Justin Feldman

Apr 2, 2020

4 min read

Does COVID-19’s toll reflect social inequality? Early evidence from NYC

It is likely that people of color, immigrants, and the working class will bear a disproportionate burden of the COVID-19 pandemic in the US. Workers, and people who are black or indigenous (or from certain other racial/ethnic groups) already have high prevalence diabetes, heart disease, and other conditions that are associated with increased COVID-19 severity.

Add to this the “essential workers” who risk exposure while running what remains of our economy. These include delivery drivers, cashiers, garbage collectors, restaurant workers — occupations often filled by immigrants and people of color.

We do not yet have data on the race, ethnicity, nativity, or socioeconomic background of COVID-19 hospitalizations or deaths. Here, I explore early data from New York City to look at associations between characteristics of neighborhoods (using ZIP code tabulation areas) and indicators that may reflect COVID-19 prevalence.

Emergency Department Syndromic Surveillance

One data source we have is the number of emergency department (ED) visits for “influenza-like illness” (ILI) for each ZIP code in NYC — these are visits with symptoms such as fever and cough that could be the flu, but in 2020 are largely COVID-19. I calculated the rate of ED visits per neighborhood for the adult population in March 2020. I compared that to the average rate for March in 2016–2019 to calculate rate differences. There are caveats here — the health department warns that data from the last two weeks are not considered final, and even though I accounted for ED visit rates in prior years, it could be that people in some communities are more likely to seek care for COVID in the ED while others are using telemedicine or other sources.

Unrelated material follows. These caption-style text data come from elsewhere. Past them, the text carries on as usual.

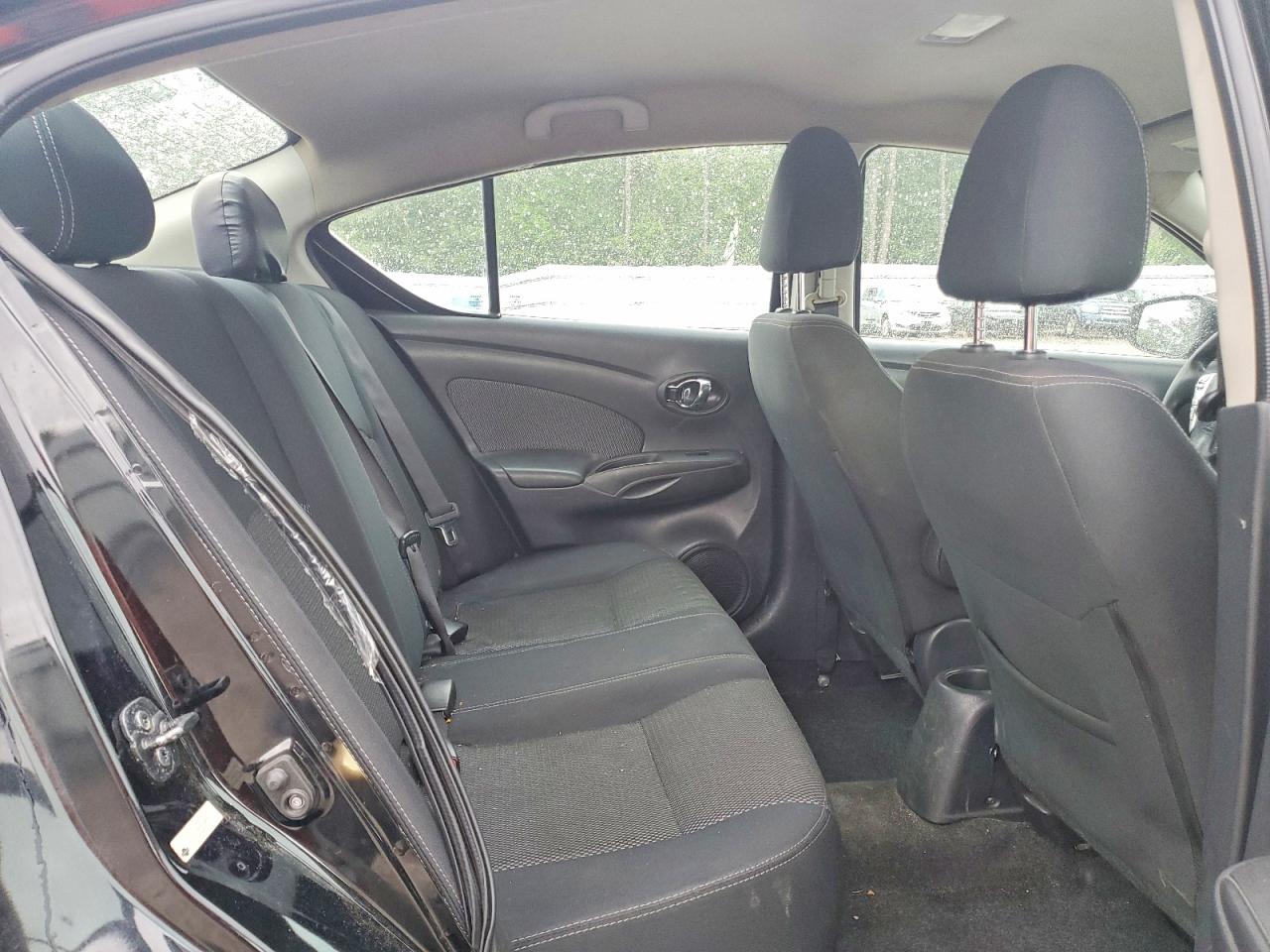 Nissan Versa 1.6 Sv
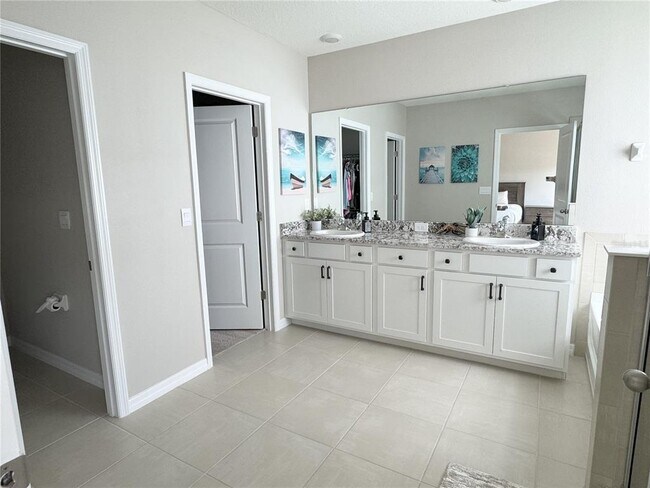Building Photo - 5525 Thistle Fld Ct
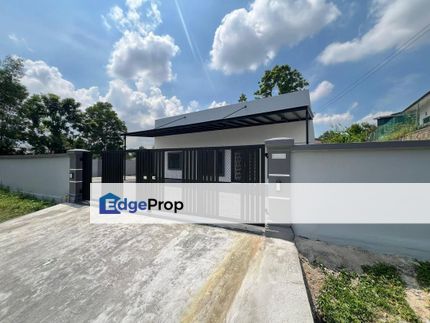 Single storey bungalow house for sale @ jalan lurah kempas baru, Johor, Johor Bahru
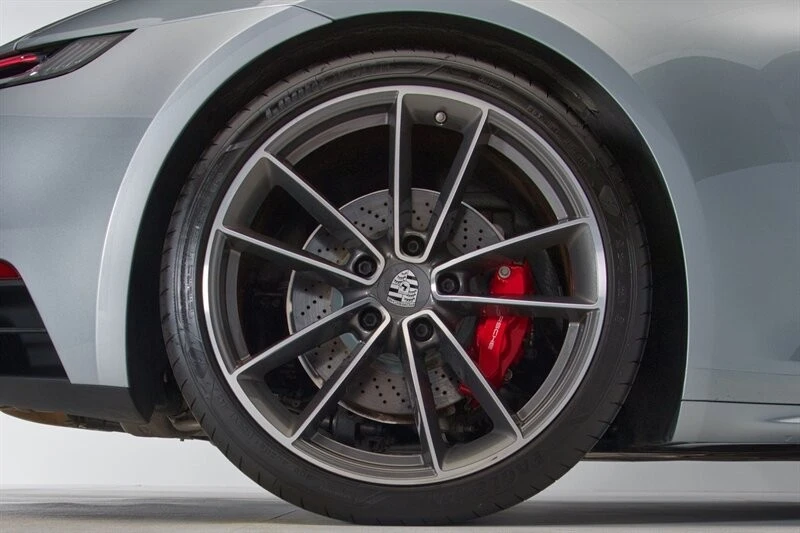 2021 Porsche 992 Targa 4 & 4S - Image 18 of 21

The whitest neighborhoods are seeing the lowest growth in rates of ILI ED visits.

Every ZIP code in NYC experienced an increase in ILI ED visits. The whitest neighborhoods saw the lowest rates of increase, however. Every neighborhood that experienced an increase of at least 5 visits per 1,000 population was majority people of color.

The other clearest demographic patterns: increasing ILI rates with increasing % Latinx and increasing % immigrant (“foreign-born”)

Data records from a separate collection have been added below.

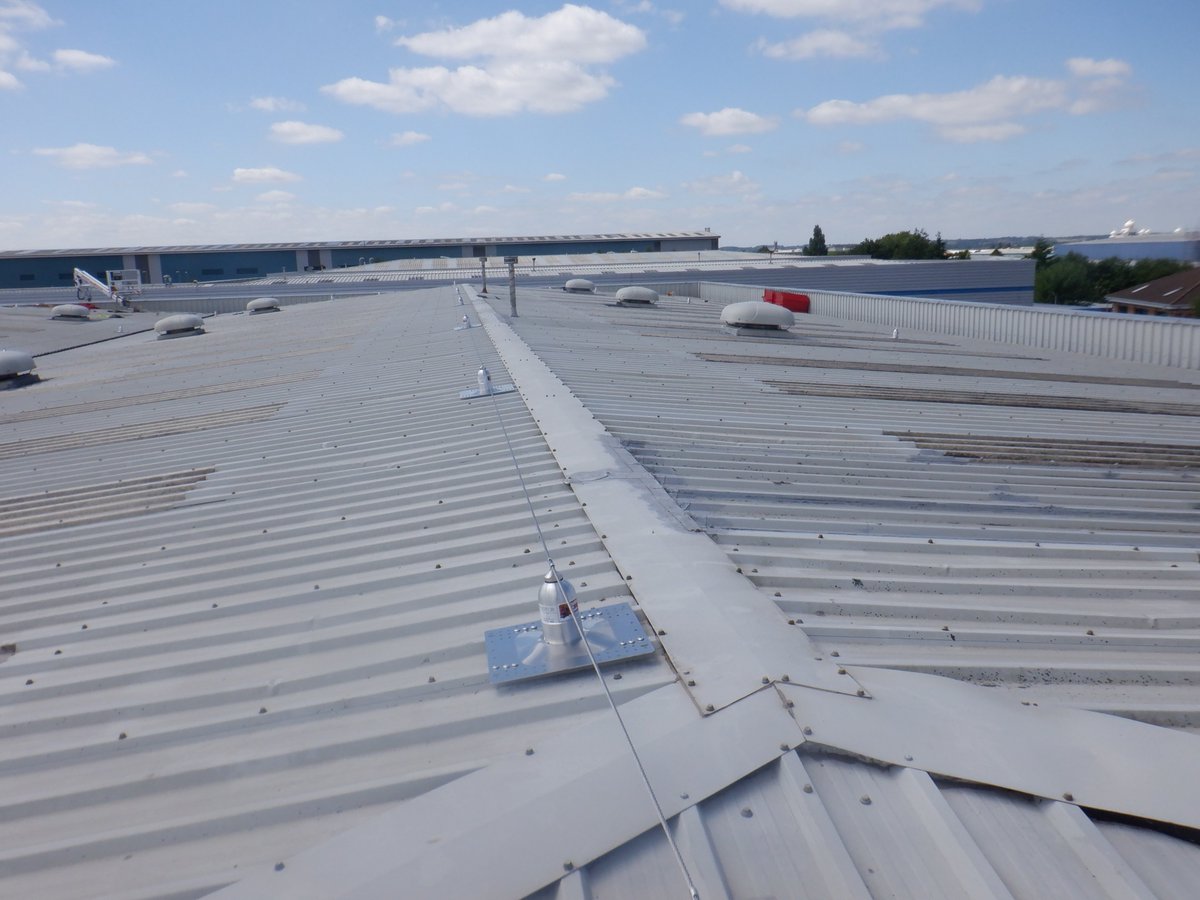 PracticalRoofCo's tweet image. Roof Safety System installation in Warwickshire of safety line system, hatch and skylight guards to allow access to vents and gutters #roofing #construction #healthandsafety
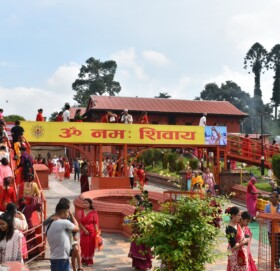 आज साउनको पहिलो सोमबार देशभरका शिव मन्दिरमा भक्तजनको भीड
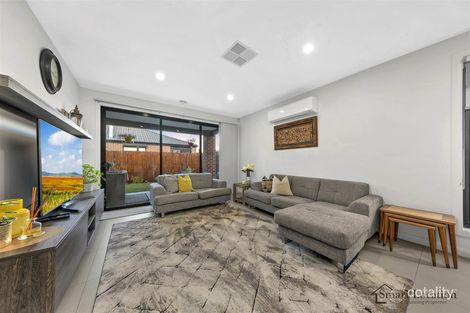 Property photo of 19 Rockgarden Way Wollert VIC 3750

ED visit rates for ILI also increased in neighborhoods with larger Latinx and immigrant populations. The patterns weren’t as clear for % black or % Asian, which I don’t show here.

Looking at neighborhood poverty, we see the same pattern — higher-poverty neighborhoods have higher increases in ED visits for ILI.

The strongest apparent relationship was between crowding and ED visit increases (crowding is defined as the % of rental units where there is more than 1 occupant per room). We can’t infer causation here, but this is in line with observations showing within-household spread of SARS-CoV-2 is an important source of infection, and in a crowded household it would likely spread more easily.

Testing

Testing in NYC is being rationed and the city health department has advised providers to only test those who are hospitalized or have severe illness. As with the rest of the US, testing is not widely available enough to help with efforts to isolate people who are infected.

Rates of COVID-19 testing increase with growing % white
Rates of COVID-19 testing decrease with growing % poverty

Even so, we see there is more testing in whiter and wealthier communities. These are not particularly strong relationships, however, and it’s likely other cities with less restrictive testing have stronger inequalities in testing rates.

There’s no clear relationship between a neighborhood’s testing rate and the proportion of tests that are positive (Note: I removed one outlier for aesthetic purposes that didn’t change results )

The NYC health department makes several neighborhood testing measures available, including the percent of tests that come back positive. One concern here is that socially privileged people will have more access to testing even for those unlikely to have COVID-19. One could surmise that whiter and wealthier neighborhoods might have a low % of tests that come back positive solely because testing of less severe illness is more widespread. But this might not be as much of a concern in NYC. There is no clear linear relationship between a neighborhood’s testing rate and the percentage of tests that are positive for COVID. So % of tests that are positive might be a reasonable proxy when looking at the geographic distribution of COVID-19 in NYC.

In whiter neighborhoods, tests for COVID-19 are more likely to come back negative

Using % testing positive reveals much the same patterns as the ED visit data above. We see the same relationship, for example, of whiter neighborhoods having COVID-19 tests that are more likely to be negative.